A Call to Arms (for Hugs!)

 

Have you ever been scared of someone hating you just because of who you are based on misunderstandings - and one of those people was yourself?

If you answered yes to this question, you have survived those terrifying situations due to a strong personal resolve and a coalition of support in your life. Consequently, you have an obligation to protect the lives and livelihoods of LGBTQ* (lesbian, gay, bisexual, transgender, queer/questioning) youth in your community and beyond by supplying yourself as a resource to a young person struggling to find and accept themselves in the face of severe oppression.

By my freshman year, I had come out at school to provide a source of help and understanding for my many questioning peers. My lifelong mentorship to LGBTQ* kids officially commenced as I joined my school’s fledgling Gay-Straight Alliance (GSA) and extended my online research to the jaw-dropping realm of GLSEN. Entering into sophomore year, I had become GSA president and engaged heavily with GLSEN, which empowered me to change the worlds of queer students everywhere around me.

However, my advocacy was thrown into a completely new stream when I was gaily (excuse the pun) approached by the youth group at my Unitarian Universalist church. In that little congregation within a congregation, I was informed by an excitable ally that a 13-year-old boy had bravely shared with the religious education class that he is gay, and they wanted to introduce the two of us so that he could ask any questions and receive general guidance from a kid who also came out at 13.

That boy, BW, is one of the sweetest people I have ever had the privilege to meet. While his immediate family was largely accepting of his sexual orientation, his neighbors were not nearly as kind or open-minded. It turns out that BW has been homeschooled for most of his education, due directly to the fact that he has been harassed permanently in public school regarding his outward gender expression and polite displays of feminine attributes since the early elementary years.

But BW’s bullying at school didn’t stop once he relocated to home. The students with whom he was homeschooled taunted and harassed him extensively for his sexual orientation and constantly evoked a few lines of the Bible to justify their perspective without ever opening their minds to the loving and accepting notions expressed by Jesus himself.
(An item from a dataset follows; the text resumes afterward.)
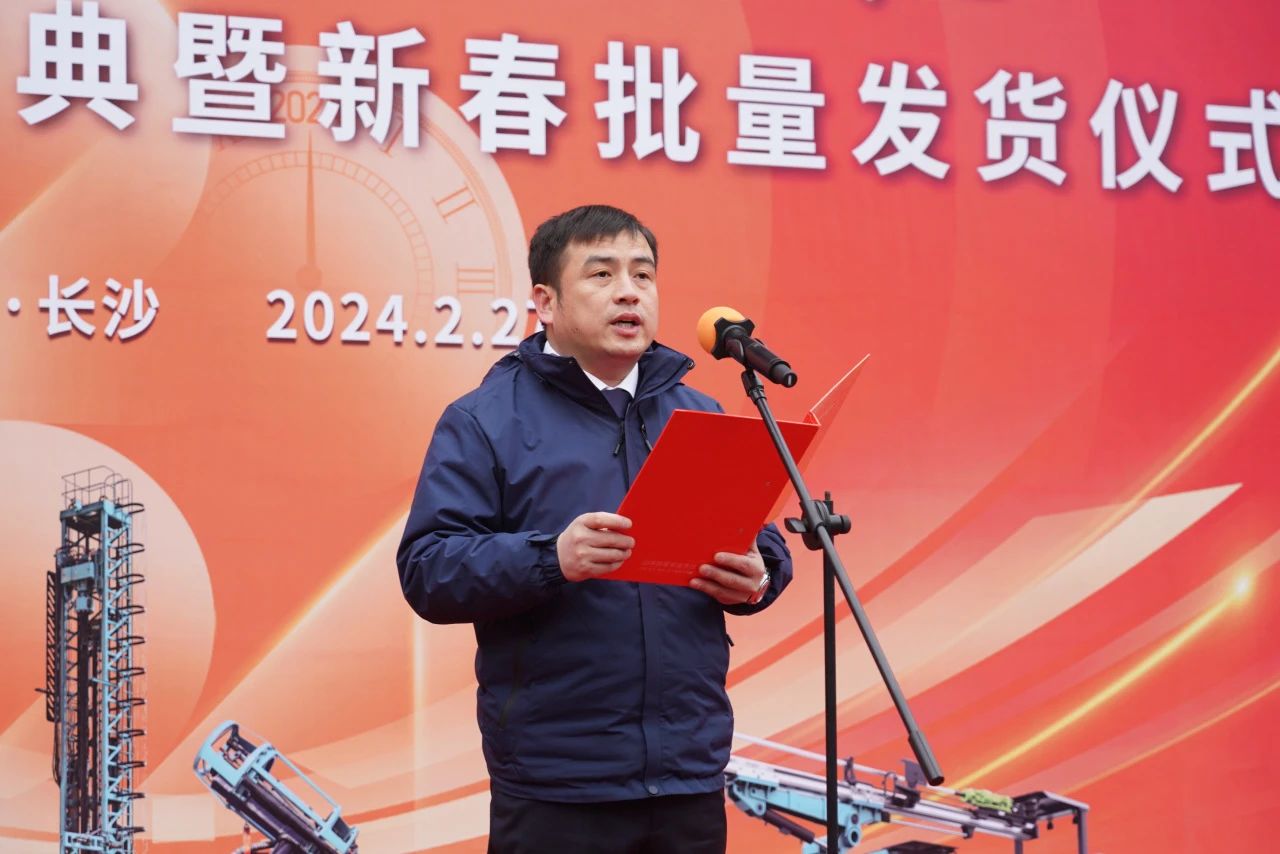 启新程，，，，，，，向未来！必发矿岩揭牌庆典暨新春发货仪式圆满举行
His peers and their parents mercilessly treated him with degradation and verbal abuse, going so far as to say that he did not deserve to live.” As a reminder, BW is 13. So are these kids.
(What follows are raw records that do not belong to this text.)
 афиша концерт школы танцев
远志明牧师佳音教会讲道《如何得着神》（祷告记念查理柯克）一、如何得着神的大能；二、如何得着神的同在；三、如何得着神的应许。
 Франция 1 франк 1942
Thankfully, when BW reached out, he had a supportive family and a very supportive church community to latch onto (the church holds PFLAG meetings, marriage equality rallies, and is heavily populated by LGBTQ* people). When BW reached out, he had someone willing to care enough to offer their time and experience to a confused young boy. When BW reached out, he needed a lifeline - and he got one. He didn’t need much; barely a few hours of conversation, illumination, and a small donation of my now unnecessary teen queer lit. I have seen him grow so much since I have had the privilege of intervening in his life, blooming into an outgoing, charismatic personality because he is no longer afraid of who he is. I would never trade our friendship.

If I - a high schooler with limited free time - can make the effort to make a positive difference in someone's life, so can you. If you cannot mentor a queer youth, be ready and willing to refer them to someone who is or an organization with resources that can help them survive in a world frequently hostile to LGBTQ* people. Make the difference in someone’s life because someone made the difference in yours.

Liam Arne is a GLSEN Student Ambassador.